Comedy's riffing genius Robin Williams dies at 63

FILE - This March 27, 2010 file photo shows actor Robin Williams speaking at The 24th American Cinematheque Awards honoring Matt Damon in Beverly Hills, Calif. Williams, whose free-form comedy and adept impressions dazzled audiences for decades, has died in an apparent suicide. He was 63. The Marin County Sheriff’s Office said Williams was pronounced dead at his home in California on Monday, Aug. 11, 2014. The sheriff’s office said a preliminary investigation showed the cause of death to be a suicide due to asphyxia.(AP Photo/Dan Steinberg, File)
FILE - This March 27, 2010 file photo shows actor Robin Williams speaking at The 24th American Cinematheque Awards honoring Matt Damon in Beverly Hills, Calif. Williams, whose free-form comedy and adept impressions dazzled audiences for decades, has died in an apparent suicide. He was 63. The Marin County Sheriff’s Office said Williams was pronounced dead at his home in California on Monday, Aug. 11, 2014. The sheriff’s office said a preliminary investigation showed the cause of death to be a suicide due to asphyxia.(AP Photo/Dan Steinberg, File)

SAN FRANCISCO -- Robin Williams, the Academy Award winner and comic whose pop culture riffs and impressions dazzled audiences for decades, died Monday in an apparent suicide. He was 63.

Williams was pronounced dead at his home in California, according to the Marin County sheriff's office, north of San Francisco. The sheriff's office said a preliminary investigation shows the cause of death to be a suicide from asphyxia.

"This morning, I lost my husband and my best friend, while the world lost one of its most beloved artists and beautiful human beings. I am utterly heartbroken," said Williams' wife, Susan Schneider. "On behalf of Robin's family, we are asking for privacy during our time of profound grief. As he is remembered, it is our hope the focus will not be on Robin's death, but on the countless moments of joy and laughter he gave to millions."

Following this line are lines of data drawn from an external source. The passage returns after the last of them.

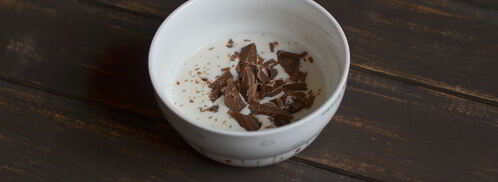 шоколадный рулет с клюквенным джемом и шоколадным ганашем. Шаг 10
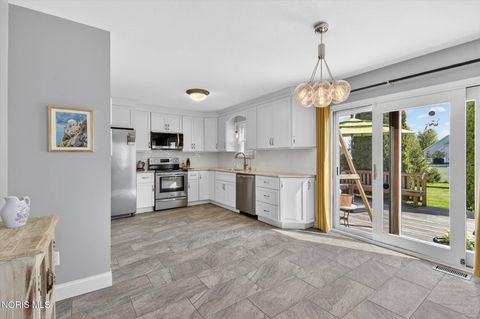 Tiny photo for 14517 Olde Trail Drive, Perrysburg, OH 43551 (MLS # 10006790)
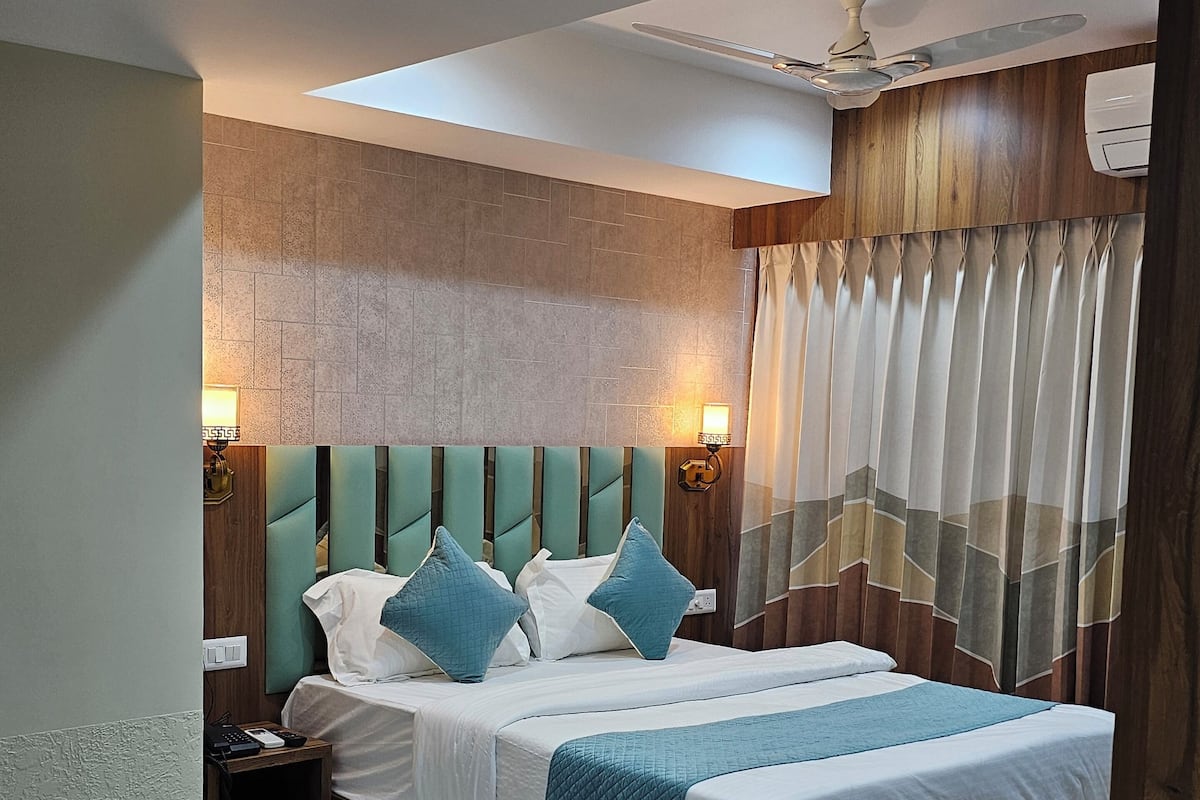 SUPER DELUX ROOM | Laptop workspace, free WiFi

Williams had been battling severe depression recently, said Mara Buxbaum, his media representative.

From his breakthrough in the late 1970s as the alien in the hit TV show Mork and Mindy through his stand-up act and such films as Good Morning, Vietnam, the short, barrel-chested Williams ranted and shouted as if just sprung from solitary confinement. Loud, fast, manic, he parodied everyone from John Wayne to Keith Richards, impersonating a Russian immigrant as easily as a pack of Nazi attack dogs.

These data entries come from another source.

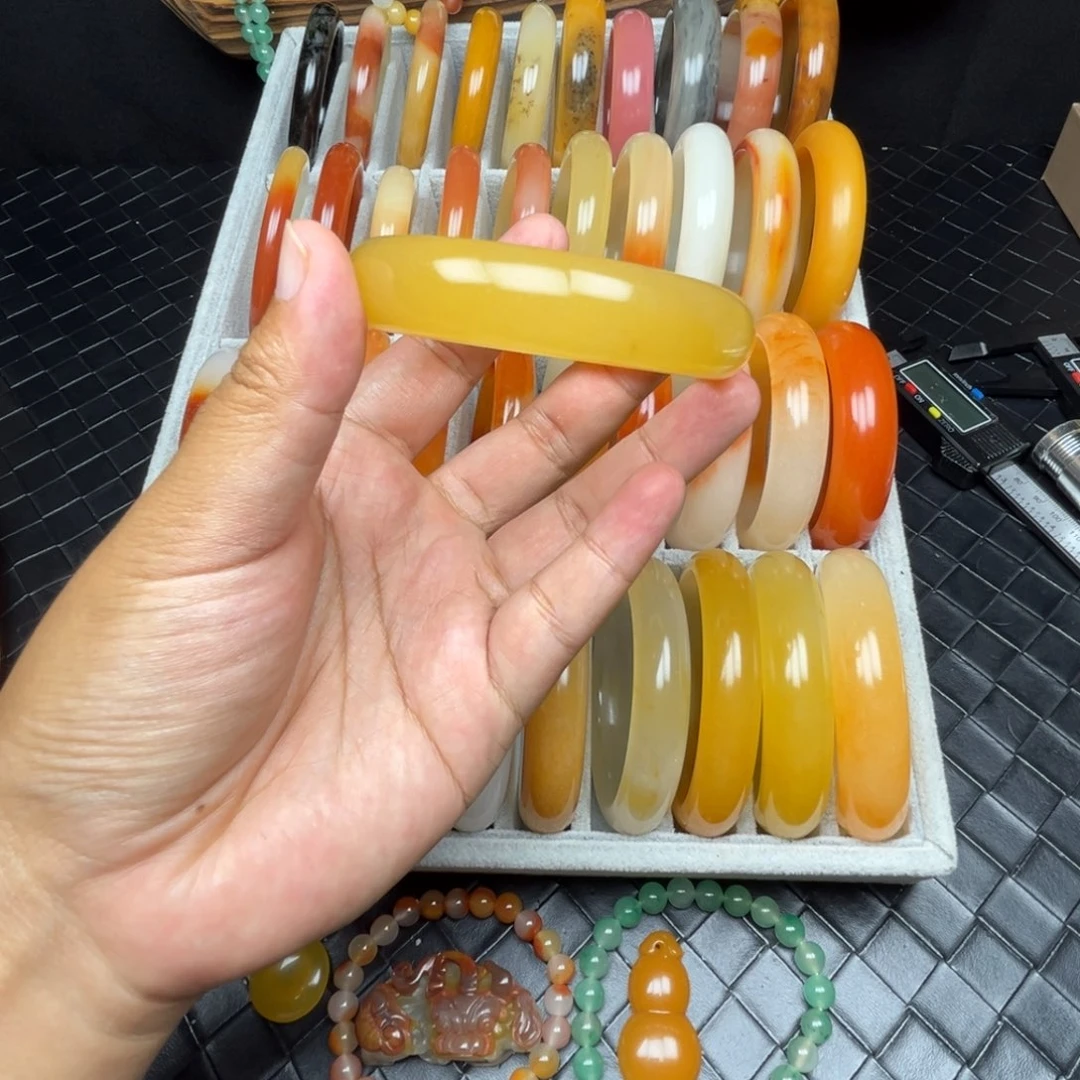 骑****石英质玉（黄龙玉）未镶嵌手镯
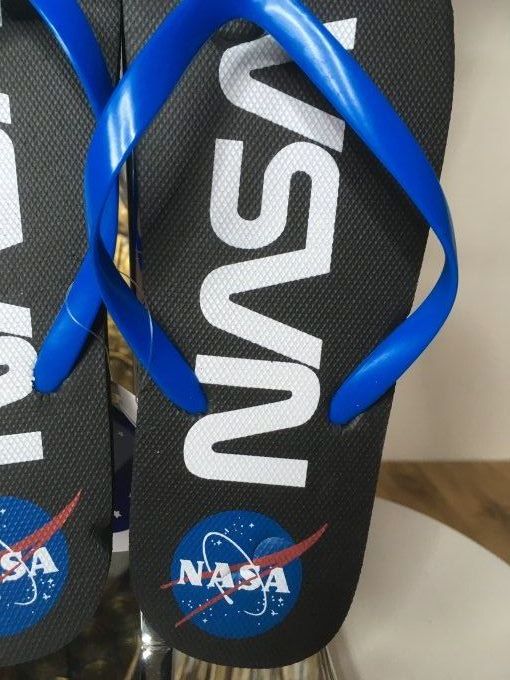 Tongs Nasa 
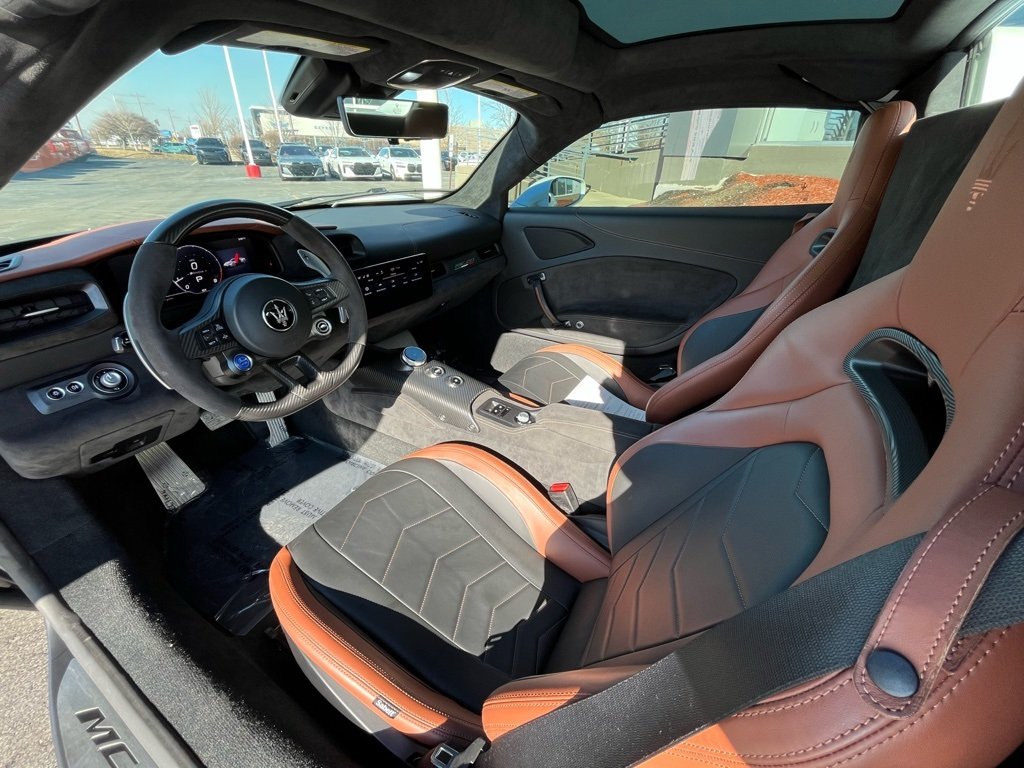 2023 MASERATI MC20 - Image 17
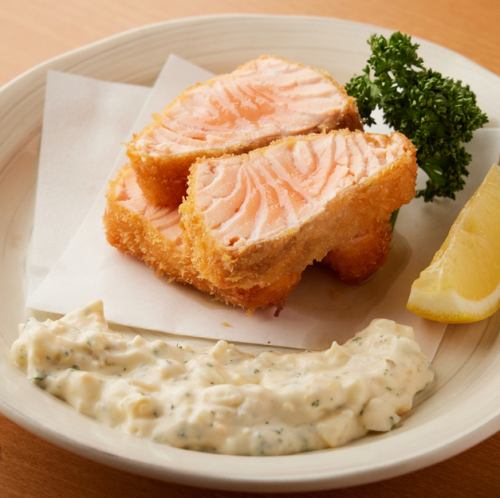 肥美三文鱼半熟炸肉排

He was the leading man in drag in Mrs. Doubtfire and the cartoon genie in Aladdin. He won his Academy Award in a rare, but equally intense dramatic role, as a teacher in the 1997 film Good Will Hunting.

He was no less on fire in interviews. During a 1989 chat with The Associated Press, he could barely stay seated in his hotel room, or even mention the film he was supposed to promote, as he free-associated about comedy and the cosmos.

"There's an Ice Age coming," he said. "But the good news is there'll be daiquiris for everyone and the Ice Capades will be everywhere. The lobster will keep for at least 100 years, that's the good news. The Swanson dinners will last a whole millennium. The bad news is the house will basically be in Arkansas."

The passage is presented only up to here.